もし日本にもCMA(米・カントリー音楽協会)アワードのようなものがあれば、最優秀賞(Entertainer Of The Year)はマイク伊藤ではなかろうか。ミズリー州フブランソンからの里帰りライブで、今年もその至芸を遺憾なく発揮した。連休初日の好天に恵まれた1/12(土)、毎年5月になると彼が所属、主演するボールノバーズ劇場に日本から16年間も通い続けている箱田忠昭・志保枝夫妻が主催するMike Ito Show 2013、新春カントリーミュージックパーティは100名を越すカントリーファンとその予備軍で燃え上がった。

会場は小田急線片瀬江ノ島駅前の見晴らしのいい江ノ島ビュータワー7階虎丸座、眼下の砂浜にはサーファーたちの姿も見え、すぐ先にははだか弁天で有名な江ノ島が浮かぶ。筆者は2年ぶりに参加したのだが、このイベントを後援する鎌倉エフエム(大塚哲夫のおやじのカントリー番組)と協賛するカントリーダンス団体Purple Hatは、1/26開催の所沢カントリーミーティング(TCM)のスポンサーでもあり、出演チームなので、その表敬訪問でもあった。

マイク伊藤のフィドルチューン、Devil's Dreamで幕開け。
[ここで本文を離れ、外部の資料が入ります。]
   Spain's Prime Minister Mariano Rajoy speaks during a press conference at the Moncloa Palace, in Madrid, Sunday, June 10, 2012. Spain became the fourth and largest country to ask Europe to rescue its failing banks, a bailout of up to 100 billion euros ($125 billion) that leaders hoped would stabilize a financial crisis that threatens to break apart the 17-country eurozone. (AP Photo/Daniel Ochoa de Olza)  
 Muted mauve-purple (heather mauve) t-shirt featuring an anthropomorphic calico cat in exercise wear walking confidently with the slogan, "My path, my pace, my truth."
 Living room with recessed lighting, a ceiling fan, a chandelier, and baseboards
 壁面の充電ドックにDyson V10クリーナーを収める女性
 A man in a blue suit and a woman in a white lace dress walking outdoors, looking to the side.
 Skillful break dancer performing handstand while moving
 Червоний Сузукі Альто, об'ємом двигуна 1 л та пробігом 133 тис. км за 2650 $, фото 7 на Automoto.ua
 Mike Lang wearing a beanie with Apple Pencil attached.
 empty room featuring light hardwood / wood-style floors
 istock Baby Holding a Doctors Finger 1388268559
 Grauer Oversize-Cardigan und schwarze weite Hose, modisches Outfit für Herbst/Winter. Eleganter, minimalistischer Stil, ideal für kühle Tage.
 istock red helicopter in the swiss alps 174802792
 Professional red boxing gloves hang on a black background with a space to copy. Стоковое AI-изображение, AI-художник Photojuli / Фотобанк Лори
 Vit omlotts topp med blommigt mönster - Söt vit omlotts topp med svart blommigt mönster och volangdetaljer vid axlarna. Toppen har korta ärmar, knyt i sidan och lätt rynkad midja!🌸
明大卒業の1971年にバンジョー1本を背負い単身渡米したが、これだけでは食えぬと20歳代前半にフィドルを猛練習してマスターした。同世代のフィドラー、ブランソンに自前の劇場をもつショージ・タブチが幼少のころから始めたのとは異質のケースである。続くTogether Againではあの胸に響く低音の魅力に、会場を埋める100名超えの観客は男女を問わず酔いしれていた。山下敬二郎未亡人でカントリー歌手の山下直子はOnce A Dayを披露したが、TCMの舞台でも歌ってくれる。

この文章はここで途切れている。